What are the lines from the top of the entries through the one with "This is stock"? Write them out exactly, with no pictures.

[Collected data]
* * * * * * *

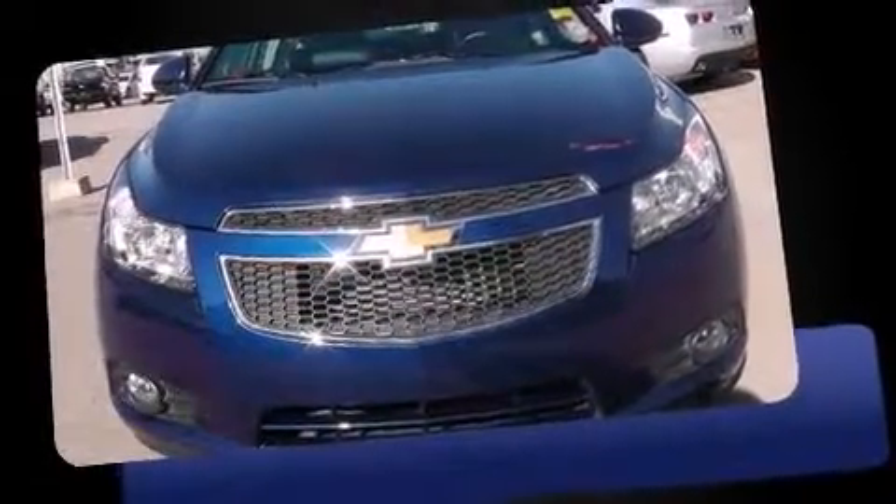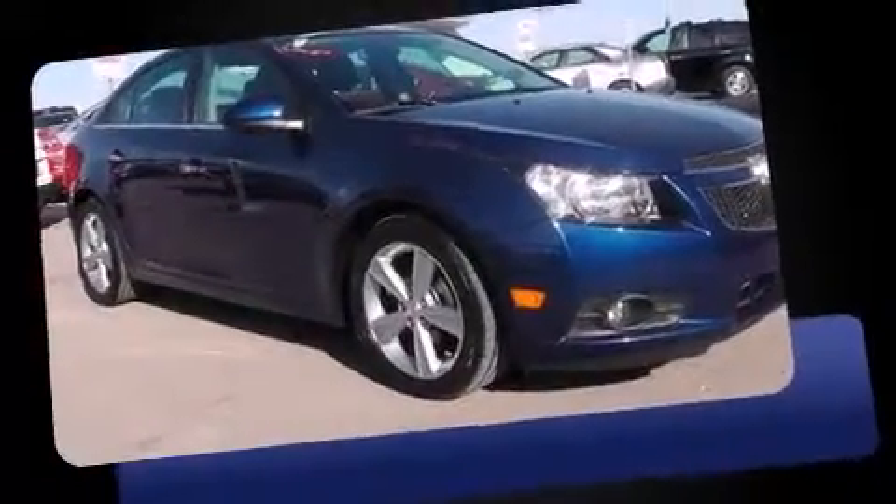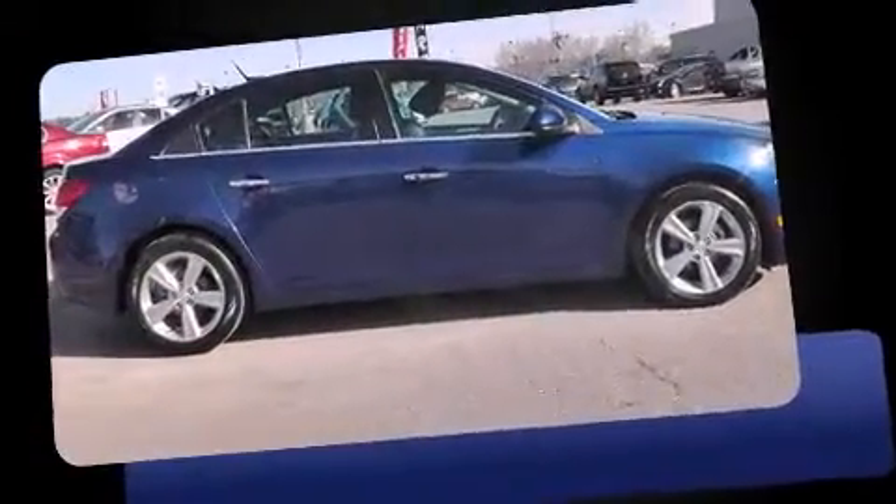Come test drive this 2012 Chevrolet Cruze. This four-door, five-passenger sedan has not yet reached the 20,000 kilometer mark. It features an automatic transmission, front-wheel drive, and an efficient four-cylinder engine.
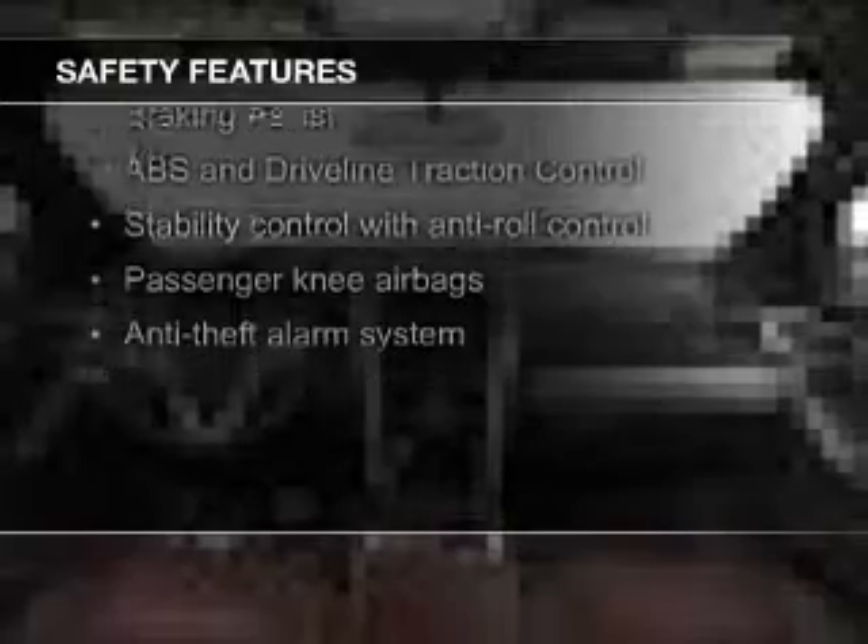Safety features include fog lights, curtain head airbags, side airbags, second and third row head airbags, independent suspension, and brake assist — great quality at a great price.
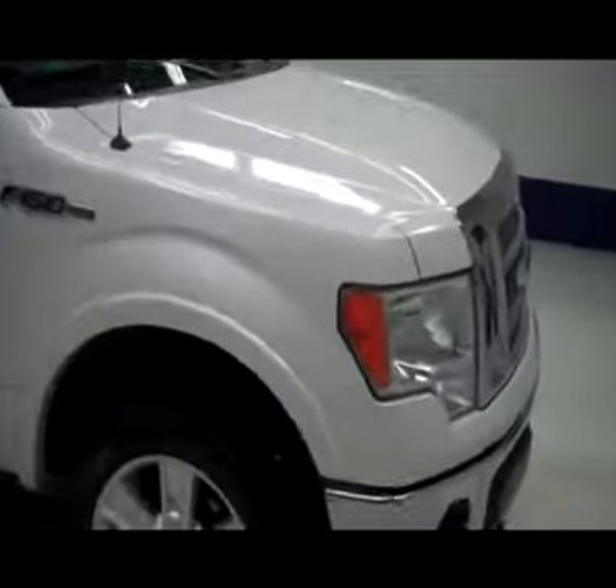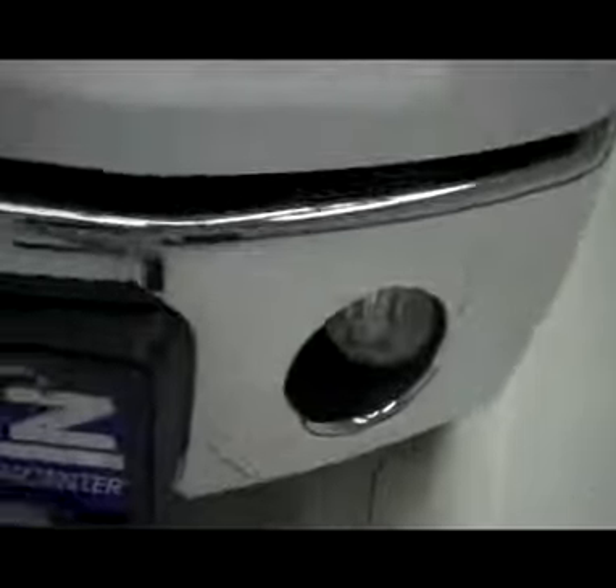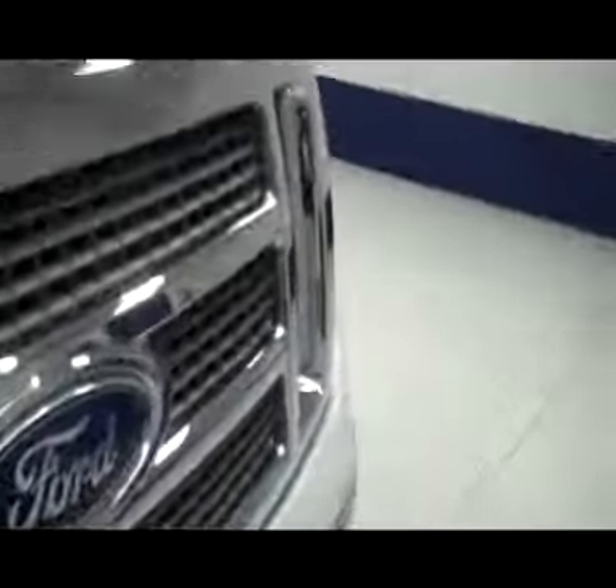This is stock number J4091J, a 2011 Ford F-150 Lariat, white pearl in color. As you can see, it has a very nice clean factory fog light, the lower part of the front bumper is chrome, the upper is paint matched from the factory, and a very clean chrome grille surround.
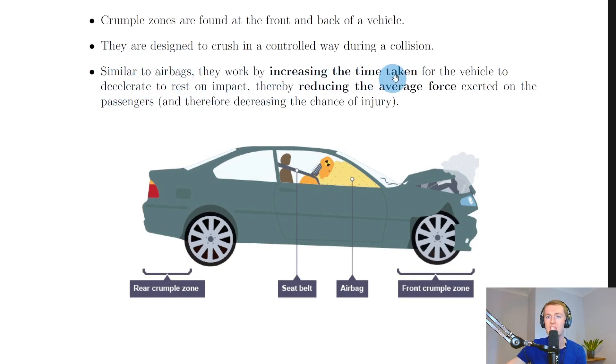Similar to airbags, crumple zones work by increasing the time taken for the vehicle to decelerate to rest on impact, thereby reducing the average force exerted on the passengers and therefore decreasing the chance of injury. So it's doing the exact same two things: increasing the time taken for the vehicle to slow down, and therefore reducing the average force.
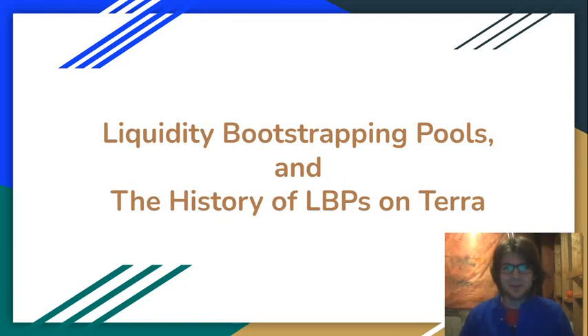Hello everybody, my name is TerraWatcher, and welcome to my brand new YouTube channel. For a couple of months now, I've been tweeting pretty frequently about the Terra ecosystem, so I figured it was about time to make a YouTube channel and start producing videos about the Terra ecosystem.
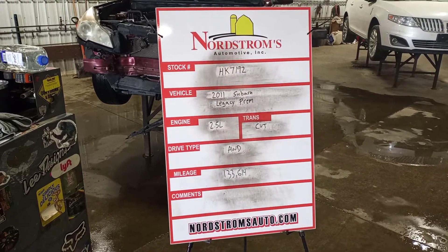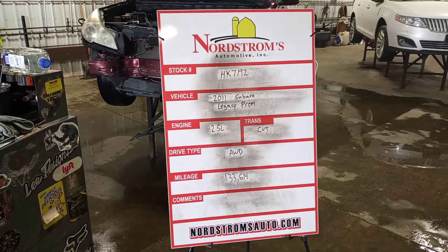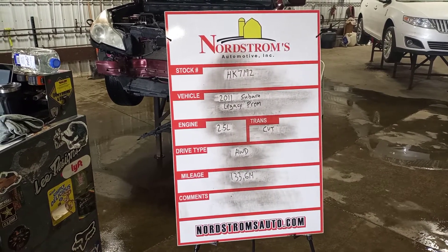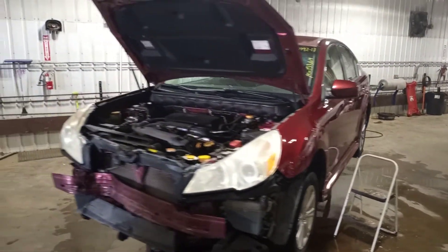Stock number HK7192, 2011 Subaru Legacy Premium. 2.5 liter CVT transmission. It's all-wheel drive with 133,614 miles. Maroon in color.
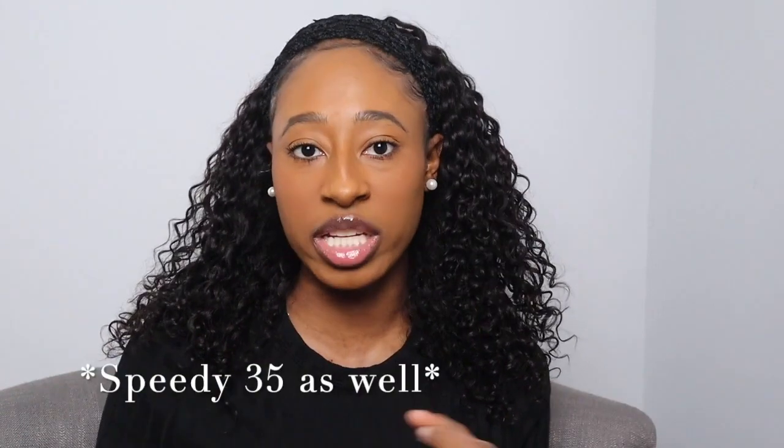The Speedy comes in nano, 25, 30, 35, and 40. They come in either Bandoulière — meaning there is a strap — or Classic, meaning no strap. The strap versions include the 25, 30, and 40. The nano Speedy is also considered a Bandoulière because it has a strap.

* * * * * * *

- [FINISHED TASK]:
Come test drive this 2012 Chevrolet Cruze. This four-door, five-passenger sedan has not yet reached the 20,000 kilometer mark. It features an automatic transmission, front-wheel drive, and an efficient four-cylinder engine.
Safety features include fog lights, curtain head airbags, side airbags, second and third row head airbags, independent suspension, and brake assist — great quality at a great price.
This is stock number J4091J, a 2011 Ford F-150 Lariat, white pearl in color. As you can see, it has a very nice clean factory fog light, the lower part of the front bumper is chrome, the upper is paint matched from the factory, and a very clean chrome grille surround.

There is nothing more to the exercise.